In early drafts of the screenplay, writer Leigh Brackett actually had Luke’s father appear to him as a ghost as a separate character from Vader, which was scrapped in subsequent drafts written by Lucas and screenwriter Lawrence Kasdan.
When asked to recount his first meeting with George Lucas, R2-D2 builder Tony Dyson (who passed away in March 2016) said that what they talked about wasn’t R2-D2, but hamburgers and flying. Specifically, “The fact that it's difficult to find a good U.S.-style burger in the UK and how much George dislikes flying. The next meeting we discussed R2-D2 and his fabrication.”
Dutch and German speakers should have known Darth Vader was Luke’s father from the get-go, as the Dutch and German words for father are vader and Vater, respectively.

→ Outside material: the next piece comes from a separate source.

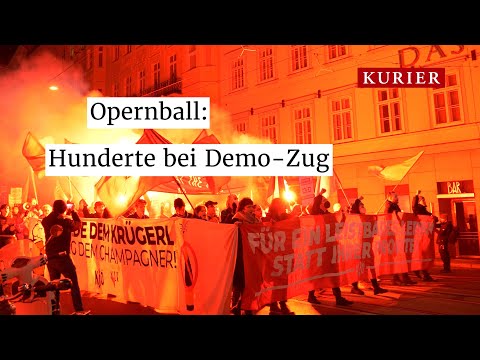 "Eat the Rich": Demo-Zug gegen den Opernball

Much has been made of the lengths to which Lucas and his fellow filmmakers went to keep the revelation that (spoiler alert?) Darth Vader is Luke Skywalker’s father under wraps. In a 2004 interview with Sound & Vision, Hamill shared that “it was a wonderfully hard secret to keep because [Irvin] Kershner, the director, brought me aside and said ‘Now I know this, and George knows this, and now you're going to know this, but if you tell anybody, and that means Carrie or Harrison, or anybody, we're going to know who it is because we know who knows.’” But the truth is that anyone who picked up the novelization of the movie, which was released a month earlier than the film, would have known the plot twist already. (Good thing Twitter didn’t exist.)
Two years before the Empire novelization hit bookstore shelves, a crowd of approximately 1000 Star Wars fans gathered in Berkeley, California to shake hands with David Prowse, the man in Darth Vader’s suit. Believe it or not, Prowse shared that critical plot point with the crowd. A newspaper clipping from 1978 teased the genetic connection, even quoting Prowse as saying, “Father can’t kill son, son can’t kill father.”